What’s the risk to local wildlife?
Most of the fish swimming in the most contaminated waters have probably died, Belin says. “But as the sewage plume moves downstream and gets more diluted—it’s not covering the whole width of the river in some places yet—it’s certainly unclear what this might mean.” The Potomac Conservancy releases a report card every couple of years evaluating the environmental health of the river; since 2020, the river’s shad population has maintained an “A” grade. That’s a big deal, since the migratory fish have been steadily making a comeback since the Interstate Commission on the Potomac River Basin made moves in the 1990s to refresh a dwindling population caused by water pollution and dam-building in the 1970s. “There’s been a lot of hard work to get it to that point,” Belin says. “Hopefully, this sewage spill clears up and is gone by the time they start running in the spring, because otherwise that’ll have both recreational and economic impacts.”
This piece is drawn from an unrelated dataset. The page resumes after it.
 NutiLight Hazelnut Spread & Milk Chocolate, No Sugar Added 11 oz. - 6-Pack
At the end of the day, “it’s pretty unprecedented, where there’s been a massive spill of this size and then [part of it] gets kind of trapped and locked in ice,” Naujoks says. Experts are not sure exactly what will happen when that ice melts.
When will the water stop being poopy?
The natural flow of the river will eventually carry the sewage out of the waterway itself, according to Belin. “If you think about shutting off the faucet, if you will, of sewage into the river—at that point, it becomes, ‘Well, how long is it going to take for it to move down the river, and how is it going to mix?’ ” He estimates that approximately two months from now, in March or April, “hopefully this sewage plume [will have] completely dispersed.”
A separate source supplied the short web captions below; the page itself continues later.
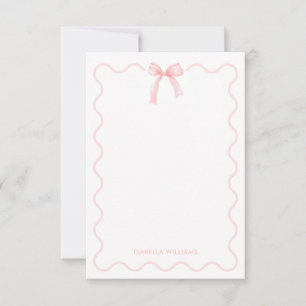 De Notas Cartão Pessoal Personalizado Menina Elegante Laço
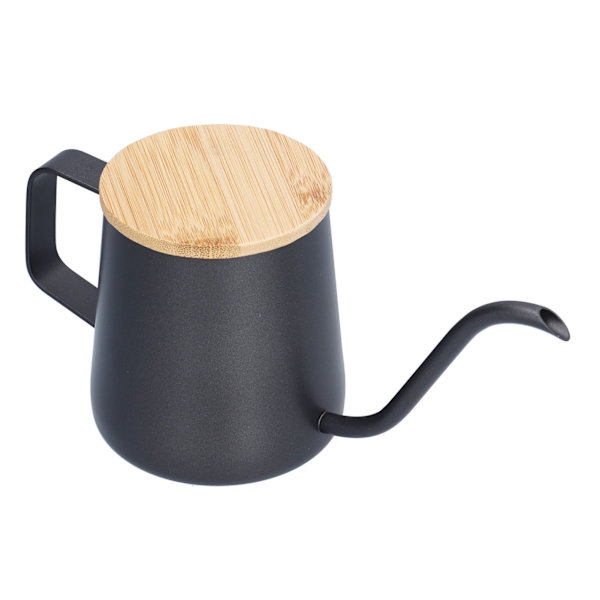 350ml Rostfri Kaffekanna Lång Smal Pip Manuell Kaffebryggningskittel med Bambulock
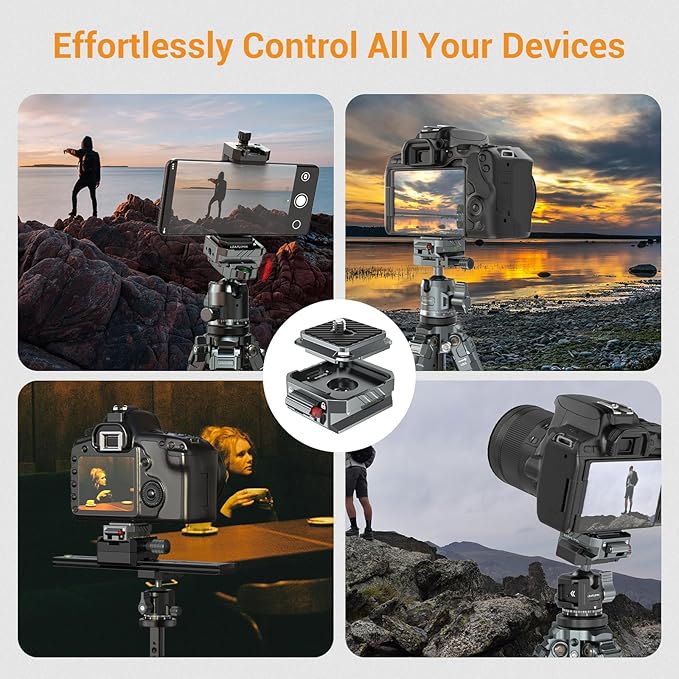 Leaplumin Camera Quick Release Plate Kit with Double Secure Safety Lock，Aluminium Quick Release Plate Arca QR Clamp with Quick Switch Auto Lock Design，Arca Type Quick Release Plate Kit with Leveler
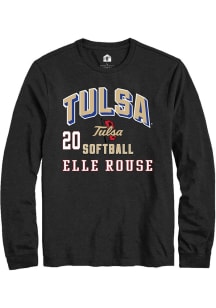 Elle Rouse Tulsa Golden Hurricane Black NIL Arch Logo Long Sleeve Player T Shirt
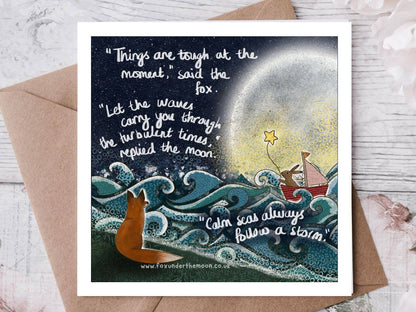 &quot;Waves&quot; Soothing &amp; Encouragement Card by Fox Under The Moon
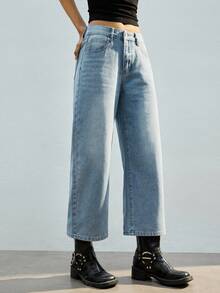Maija 女士休闲日常通勤简约百搭纯色低腰宽松直筒九分牛仔裤 - 淺色水洗藍 - 查看 4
Unfortunately, and I hate to report this, there have been some spots along the C&O Canal where sewage has overflowed onto the land. “When [the water] sort of settles, there’s a good chance—on the shorelines downstream and then in the basin of the canal—there could be manure,” he adds. “Keep in mind, that definitely has to be cleaned up, but it’s really cold out.” That means the bacteria living in this shipwrecked poop will likely die much more quickly than it would have during warmer weather, since it thrives in human and animal body-adjacent temperatures.
According to Belin, this spill “should be seen as a wake-up call about what it’s going to take to keep this river clean.” The Potomac Interceptor was built back in the 1960s, and experts think it might be time to give it a makeover. “All infrastructure has a lifespan,” Belin adds. “So we certainly want to do everything we can to make sure there are no other ruptures like this somewhere else on the Potomac Interceptor going forward.”